Saved data entries:
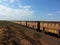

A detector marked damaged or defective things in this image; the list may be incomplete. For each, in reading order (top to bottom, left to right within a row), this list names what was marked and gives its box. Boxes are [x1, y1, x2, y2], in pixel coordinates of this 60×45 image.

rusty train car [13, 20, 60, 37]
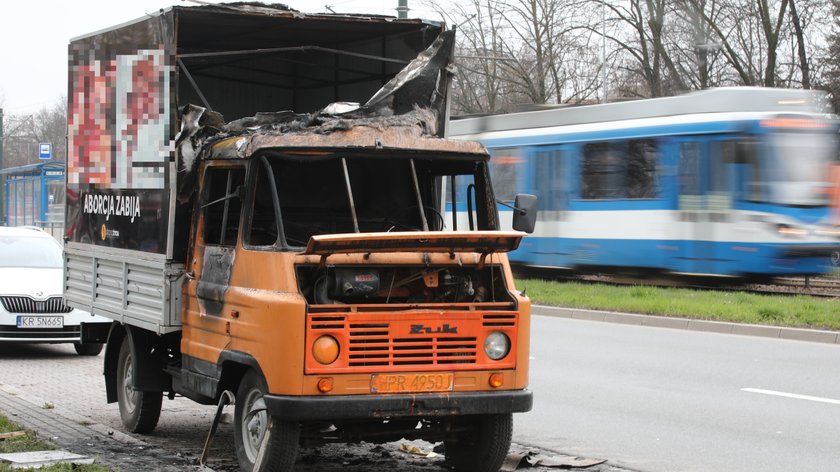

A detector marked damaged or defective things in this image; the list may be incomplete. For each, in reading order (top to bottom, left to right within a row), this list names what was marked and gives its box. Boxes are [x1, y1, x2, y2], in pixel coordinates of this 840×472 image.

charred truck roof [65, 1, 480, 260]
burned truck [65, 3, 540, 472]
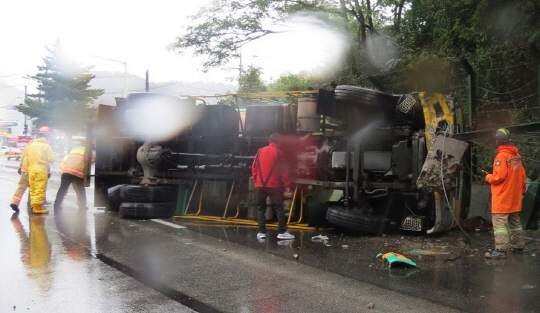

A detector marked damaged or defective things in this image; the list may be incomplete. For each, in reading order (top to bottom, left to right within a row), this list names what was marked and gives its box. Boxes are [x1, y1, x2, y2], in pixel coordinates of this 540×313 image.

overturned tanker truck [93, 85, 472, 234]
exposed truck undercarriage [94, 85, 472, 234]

* What this task involves:
Apart from the pictures, repeat the data above exactly.

* Completed exercise:
A detector marked damaged or defective things in this image; the list may be incomplete. For each, in reading order (top to bottom, left to right within a row), this list names what was marked and gives its box. Boxes are [x1, y1, x2, y2], in pixel coordinates of this 60×45 image.

rusty train car [13, 20, 60, 37]

A detector marked damaged or defective things in this image; the list may be incomplete. For each, in reading order (top to bottom, left to right within a row), this list names what was marked and gives its box. Boxes are [x1, y1, x2, y2], in pixel coordinates of this 840×472 image.

charred truck roof [65, 1, 480, 260]
burned truck [65, 3, 540, 472]

A detector marked damaged or defective things in this image; the list may be incomplete. For each, in reading order (top to bottom, left to right within a row), this list names what was marked and gives its box. Boxes are [x1, y1, x2, y2], in pixel coordinates of this 540×313 image.

overturned tanker truck [93, 85, 472, 234]
exposed truck undercarriage [94, 85, 472, 234]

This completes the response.